I setup a new spraybar last night, sort of an experiment... everything seems to be an experiment. I'll post something in the DIY section with some pictures and materials later as this is a very easily reconfigured setup.

I had the stock outlet nozzle that came with the filter (Marineland C-220 canister) and it has been fine other than producing a lot of directed flow at the surface. I've managed to figure out where best to direct it to break up the flow but I've been toying around with the idea of a spray bar setup. I just never did anything with it. 

What I have now is a piece of 5/8" black soaker hose that I drilled 1/4" holes 2" apart on both sides and hung it into the tank vertically which directs the flow in two directions.
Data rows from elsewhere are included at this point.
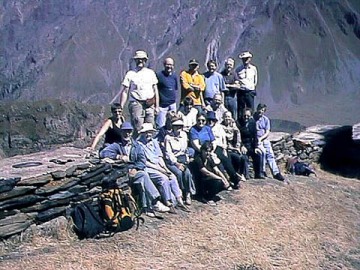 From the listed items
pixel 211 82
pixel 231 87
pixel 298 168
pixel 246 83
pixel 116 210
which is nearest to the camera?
pixel 116 210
This does not disturb the surface of the water. The holes provide about twice as much output area as the original nozzle which slows down the water flow speed by half and it is in little 1/4" spouts rather than one 5/8" spout.

I can't tell yet if it will affect the fish behaviour differently, the barbs seemed to like the current.
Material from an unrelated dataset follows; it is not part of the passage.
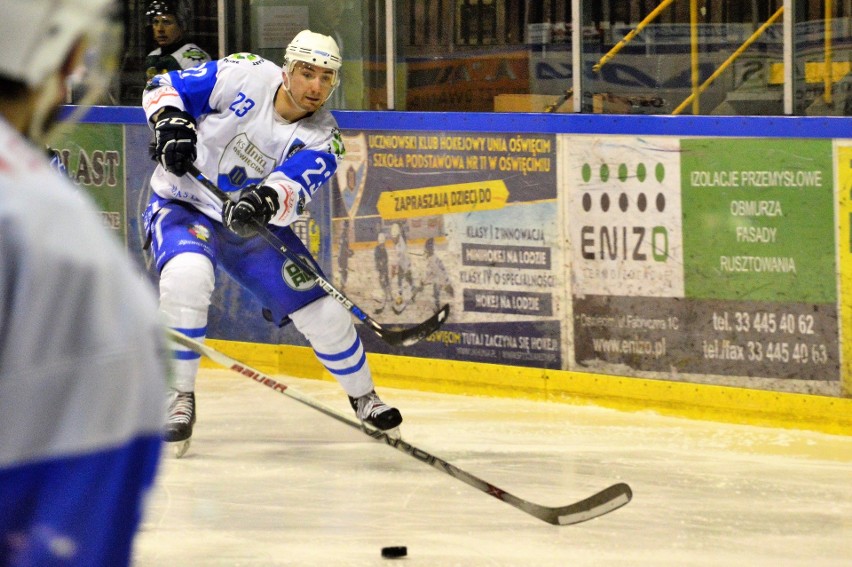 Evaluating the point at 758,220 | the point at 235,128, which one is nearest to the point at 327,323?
the point at 235,128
Anyone else try something similar and have any particular observations as to how it affected their overall tank environment?

Jeff.


----------



## Chesh (Feb 17, 2012)

Nothing to add, I've considered doing this myself, so am curious as to how it's going!


----------



## JDM (Dec 9, 2012)

Well there's an upside and a downside to the vertical so far. 

The surface disturbance is far less but the direction of flow does accumulate the floating plants into the middle of the tank, not quiite what i wanted, I want them at one end. Due to not as much surface movement, that nice shimmering effect is also gone.

Seeing as have yards of this tubing and it is very easy to attach to the filter I'm just going to tinker to get the flow that I want where I want.

Jeff.


----------



## jaysee (Dec 9, 2009)

Each of my tanks has a vertical spraybar on one filter, and a horizontal at the surface on the other. When I had the 30 hex (tall and narrow) running, I had a vertical mounted spraybar only - I added a small powerhead at the surface to break the surface tension. The vertical mounting circulates water very well.


----------



## Chesh (Feb 17, 2012)

Hmm, I like the idea of doing both, too - might have to experiment with that when I get the bigger tank set up and dual filters. . .

I've only had my canister for 7 months or so - I've been messing with the spraybar the entire time. Getting closer, but not *quite* happy yet. It's nice that they're so easily customizable with inexpensive materials - fun, too!

You'll have to share what solution ends up working for you when you get that far, JDM. . .


----------